Understanding a company’s cyber risk exposure involves the analysis of troves of data connected to a business’s internal systems, historical events, supply chains and business partners’ exposures, and more. The industry currently operates without a single source of this kind of data, and providers, forced to analyze clients on an ad hoc basis, end up delivering a wide range of policy coverage and costs.
The lack of standardization stems from limited automated technologies available to the sector today, explained Lifshitz. Questionnaires remain commonplace for insurers to understand client practices and risk exposures, he said, pointing to the “unfortunate irony” of the “fundamentally digital risk” of cyber attacks being analyzed in an analogue, manual fashion. As such, artificial intelligence and Big Data are quickly becoming essential components of the cyber insurance market’s underwriting processes.
Rapid Expansion
While analysts could predict five years ago that the cyber insurance market would be a booming one today, the same may not have been said about small businesses. Yet high-profile attacks and data breaches — Lifshitz pointed to the Equifax breach and NotPetya as two prime examples — means many entrepreneurs and executives can no longer ignore the threat as they once did.
Among the biggest realizations that corporates and small businesses can make in the cybersecurity space is that an attack is not a matter of if, but of when. Research from Allianz Global Corporate & Specialty released in February found that while cyberattacks are not yet the biggest cause of financial losses to corporates (that designation goes to fire and explosions), experts predict cyber-related losses to climb toward the top of the list.
Separate analysis found that sales of cyber insurance policies have grown by about 25 percent every year, per reports, but experts warn that disputes between corporates and providers are rising, too. According to Mactavish Technical Director Rob Smart, the disputes stem from misunderstanding and a lack of transparency between what organizations believe they are covered for and what their policy actually contains.
“Most cyber policies are written in a fairly restrictive way and there are points of uncertainty over how far the cover will extend,” he said.
The rapid expansion of the cyber insurance market has occurred in spite of ongoing confusion and a lack of clarity among both business policyholders and insurance providers themselves. As the industry continues without a centralized database, standardized underwriting practices and manual risk analysis tools, that confusion will persist.
Technology, Partnerships Address the Gaps
According to Lifshitz, the good news is that in addition to small businesses increasing their awareness of cyber risk and, subsequently, options for cyber insurance, insurance providers are simultaneously embracing technologies to digitize and automate the underwriting process. Electronic data is “key” to adequately analyzing risk, he said, as are open sources of data of businesses, their partners and their supply chains. As the industry continues to grow, artificial intelligence will find a more prominent position in the underwriting process, too.
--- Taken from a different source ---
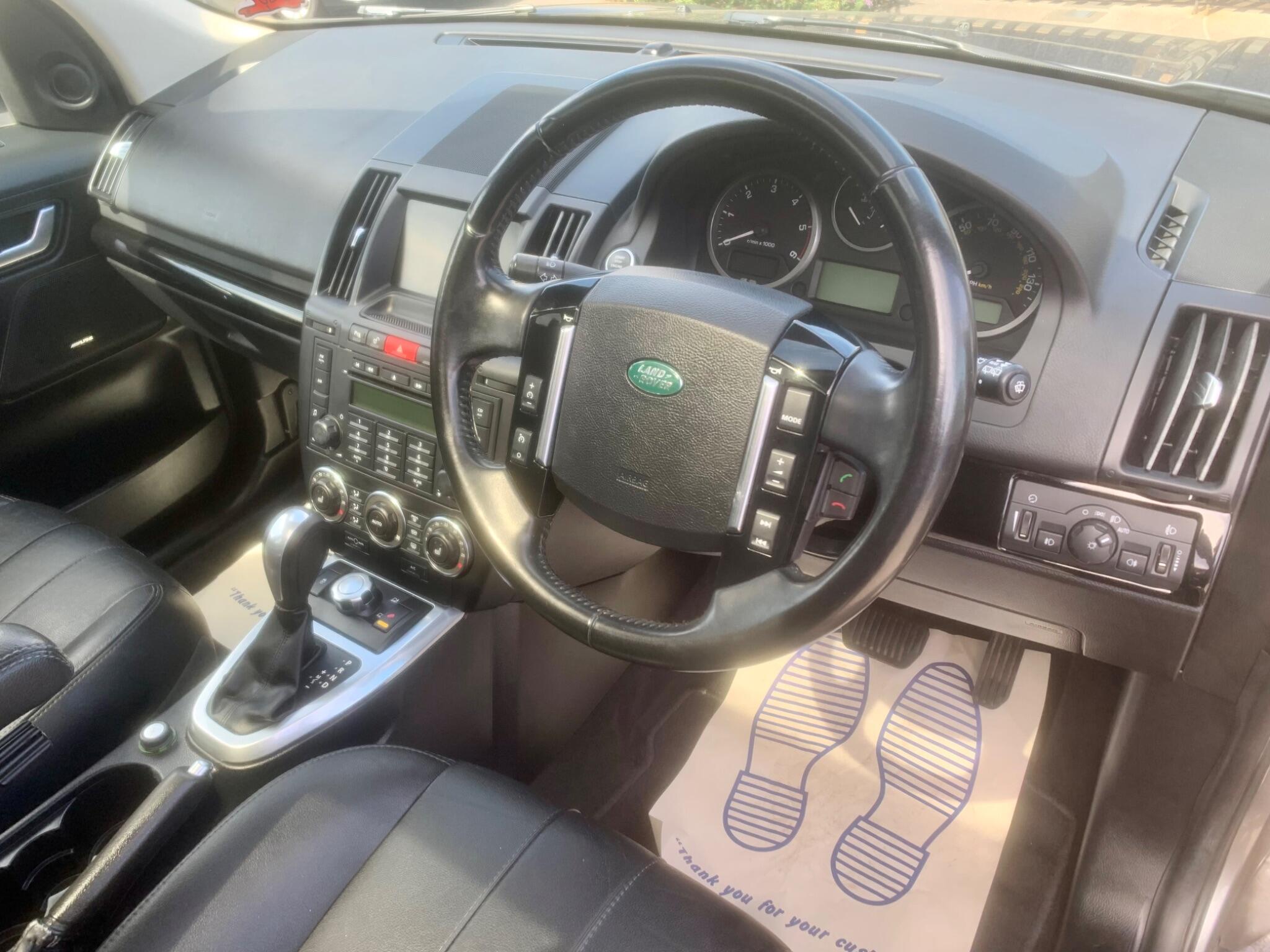 Land Rover Freelander 2 view 20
But as the market evolves, Lifshitz noted that insurers will have to look beyond technology to adequately analyze their customers’ risk levels. That could mean collaborating with partners like Sayata, which works with insurers to enhance their risk analysis processes, or other FinTechs that can provide the kinds of technologies needed.
It also means fostering a strategic relationship with small business policyholders, he explained, to not only better understand risk exposure, but to support the development of a holistic cybersecurity strategy. After all, Lifshitz said, it is a win-win for insurers and small businesses alike when policyholders are protected.
“It is mutually beneficial for the businesses to be as secure as possible,” he said, adding that it is key for companies like Sayata to both provide insurers with adequate risks assessment capabilities, as well as provide small businesses with “actionable insights to improve their cyber posture and raise cyber-security standards across the industry as a whole.”